Google ha da poco pubblicato un report con i dati ufficiali riguardanti la distribuzione di tutte le versioni di Android in circolazione evidenziato che il 40% degli smartphone Android non ha installato le ultime patch di sicurezza. Questo vuol dire che almeno 1 miliardo di dispositivi sono potenzialmente vulnerabili ad attacchi malware e spyware.
L’ultimo sistema operativo rilasciato da Google, Android 16, al momento della rilevazione fatta dal colosso di Mountain View risultava installato su una percentuale alquanto esigua di dispositivi, pari al 7,5% dei telefoni in circolazione. Android 15, invece, era presente sul 19,3% dei device, mentre Android 14 sul 17,9% dei dispositivi e, la versione di Android 13, sul 13,9% degli smartphone.
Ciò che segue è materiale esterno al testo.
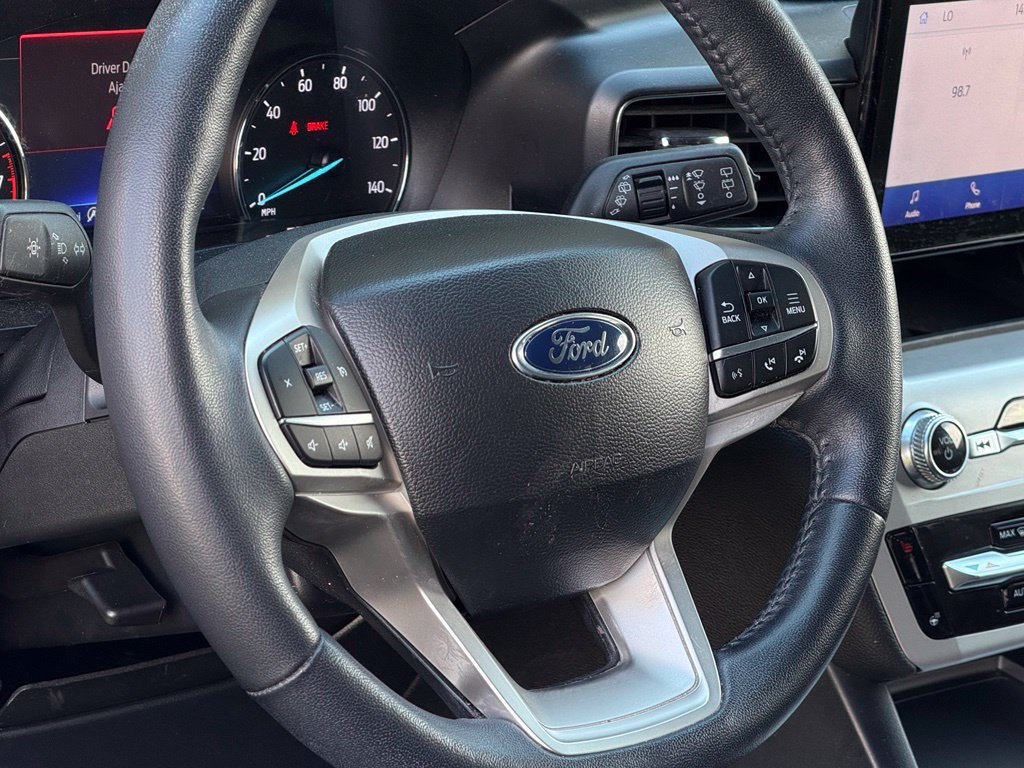 Certified 2023 Ford Explorer XLT w/ Equipment Group 202A AWD/4WD image 22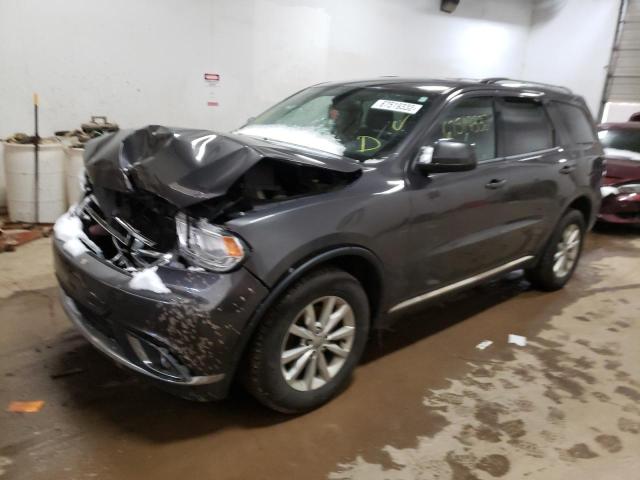 Dodge Durango sx (2015)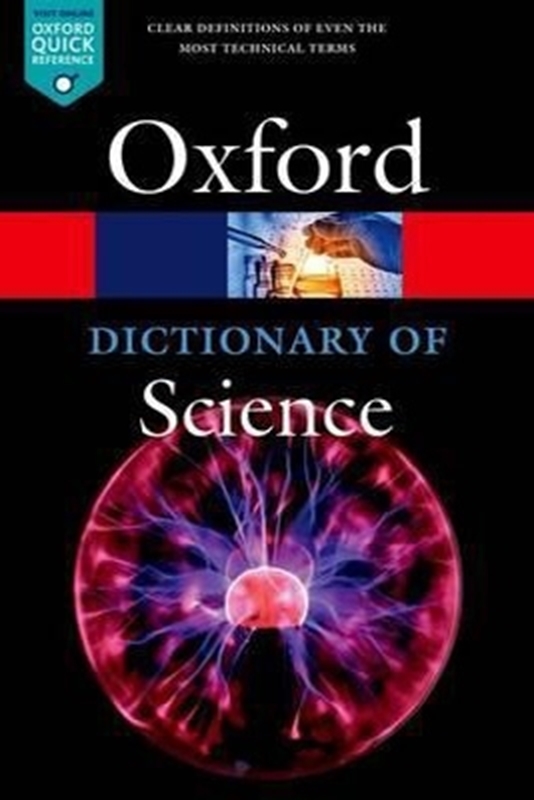 resm A Dictionary of Science 7e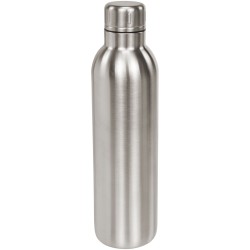 Bouteille de sport de 510ml avec isolation par le vide et couche de cuivre ThorCouleur:Argent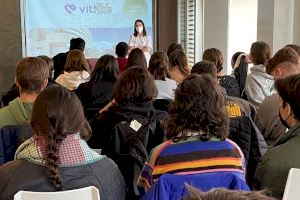 Los Hospitales Vithas de Alicante impulsan la gestión emocional en aulas escolares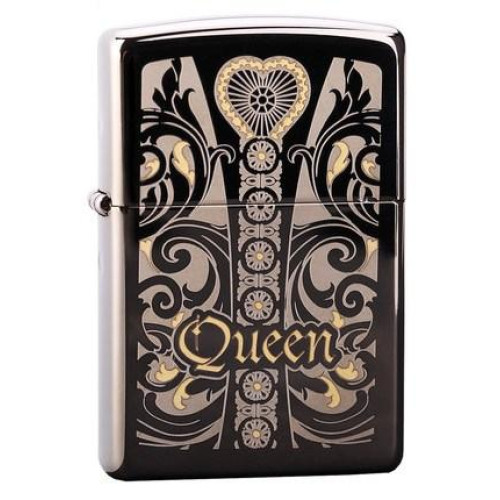 Зажигалка Zippo (Зиппо) Queen 28797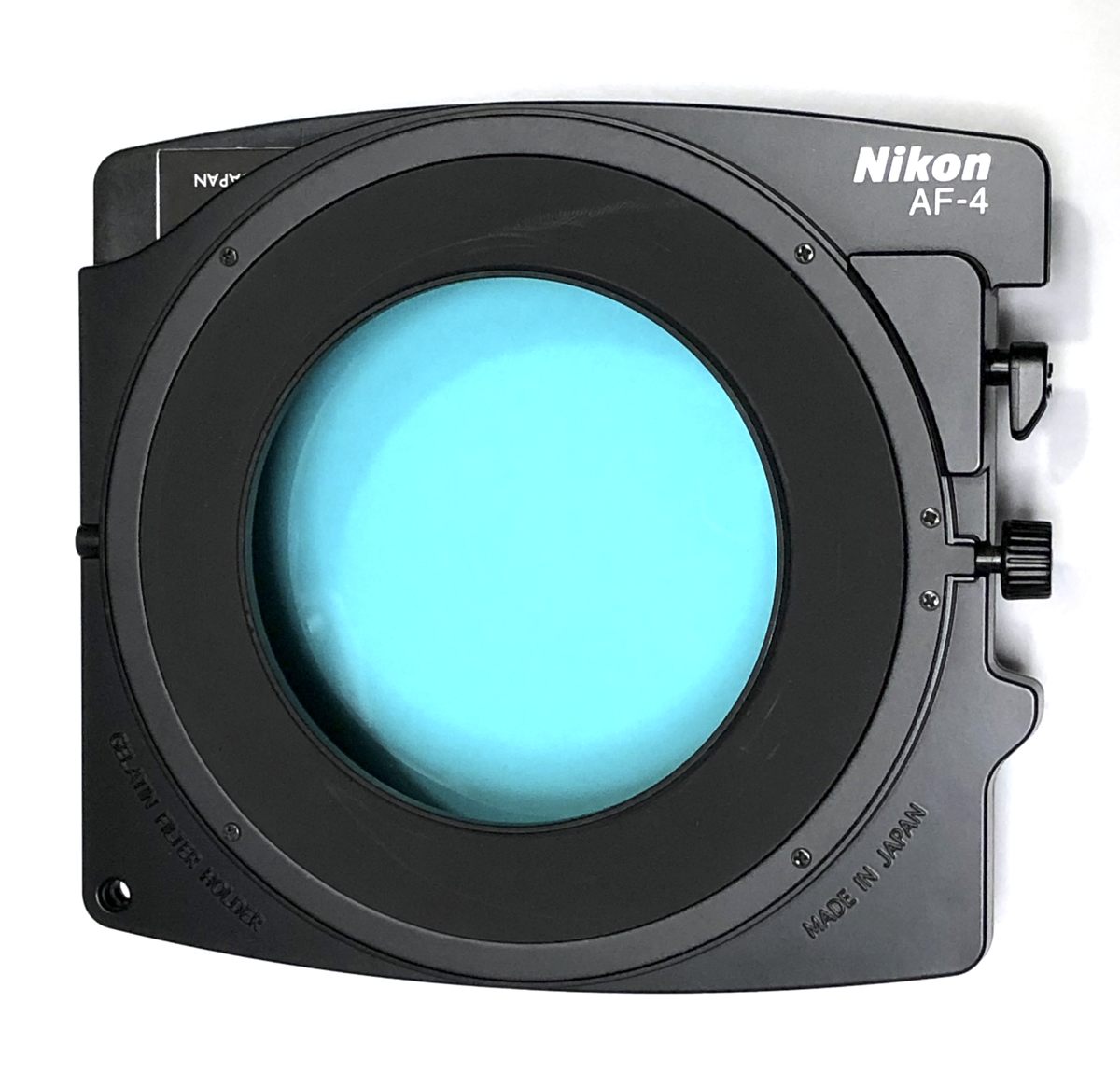 天体写真撮影用／赤外写真撮影用デジタルカメラ改造処理の解説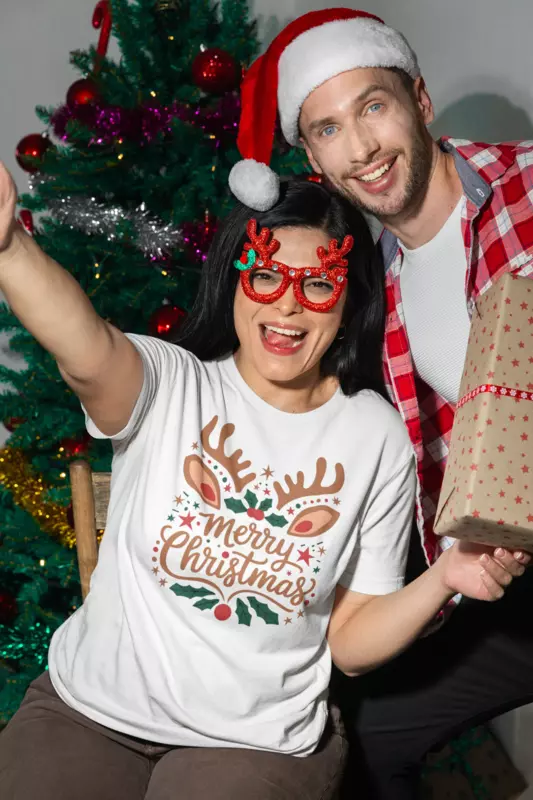 Merry Christmas | T-Shirt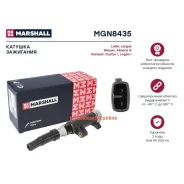 ������� ��������� Marshall MGN8435 MGN8435 ����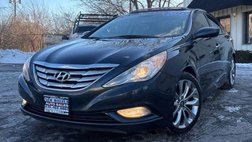 2012 Hyundai Sonata SE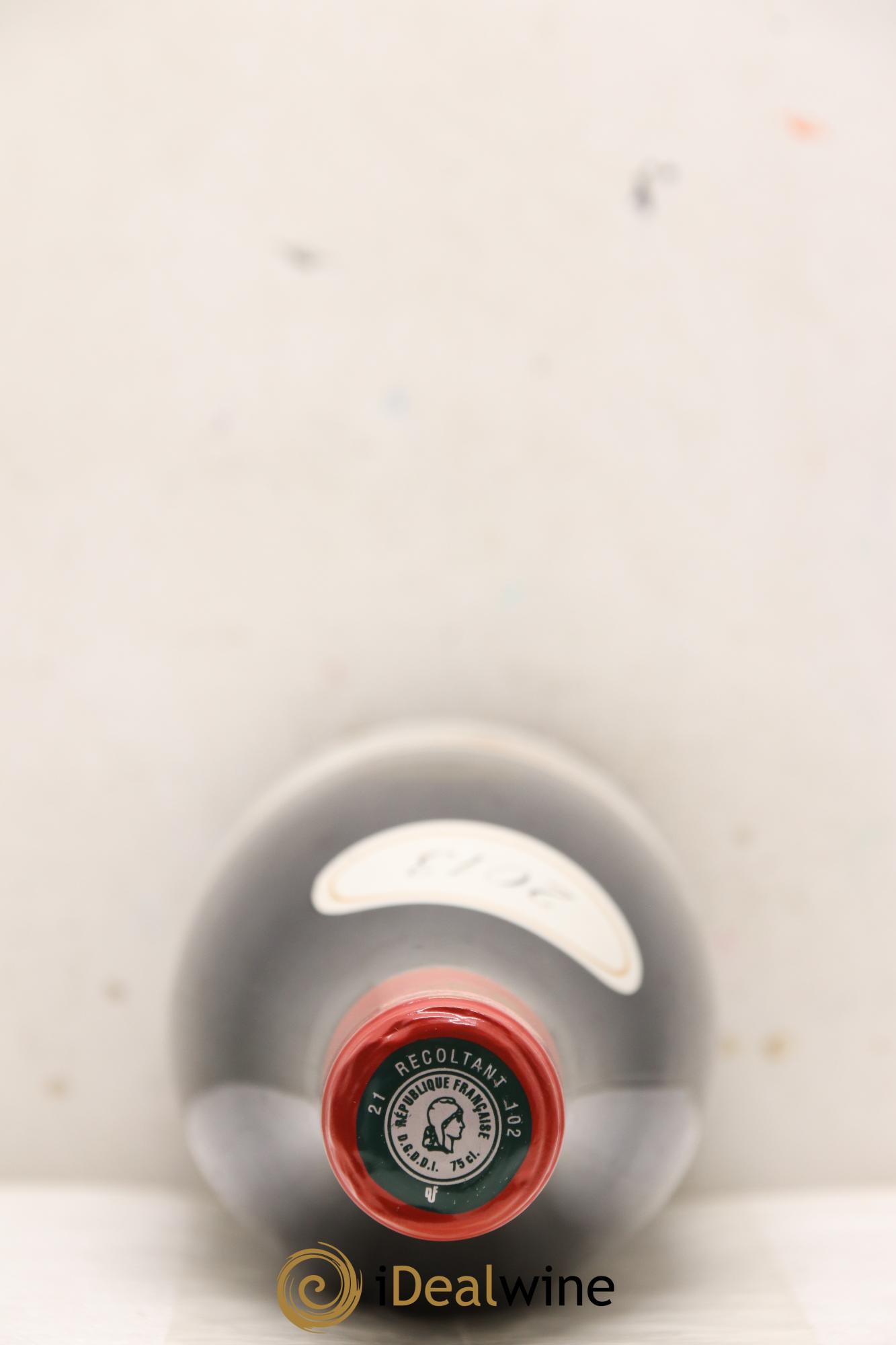 Grands-Echezeaux Grand Cru Gros Frère & Soeur 2013 - Lot de 1 bouteille - 1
Facendo la somma delle percentuali di distribuzione delle quattro versioni di Android appena menzionate raggiungiamo quota 58,6%. Questo significa che la restante percentuale di smartphone Android in circolazione, oltre il 40%, “gira” con una versione del sistema operativo pari ad Android 12 o addirittura a una versione precedente del “robottino verde”. Questo è un dato allarmante. Android 12 e precedenti, infatti, non ricevono più correzioni di sicurezza critiche.
Situazione, quella di Android, che è ben diversa rispetto a quella di Apple. Il colosso di Cupertino, pur avendo registrato un tasso di adozione di iOS 26 relativamente basso, sa benissimo che nel corso dei prossimi mesi chi non ha ancora aggiornato il proprio iPhone all’ultima major release disponibile lo farà, come è accaduto negli ultimi decenni.
Tornando al mondo Android, una considerazione riguarda chi dispone di un device che per limitazioni tecniche non può essere aggiornato ad Android 13 o versioni successive. In questo caso, per correre ai ripari ci si vedrà costretti ad acquistare uno smartphone che supporti aggiornamenti di sicurezza e versioni del sistema operativo più recenti.
Intanto che valutate l’eventuale acquisto di un dispositivo sostitutivo, vi lasciamo con il consiglio che Google ha dato agli utenti in possesso di telefoni più vecchi: «Google Play Protect, la protezione integrata di Android contro malware e software indesiderati, continua a supportare dispositivi risalenti fino ad Android 7 per garantire la sicurezza degli utenti. Questi dispositivi beneficiano ancora delle più recenti firme di sicurezza Play Protect e della scansione malware in tempo reale». Per evitare di correre pericoli, quindi, meglio limitarsi a installare app verificabili tramite il Google Play Protect.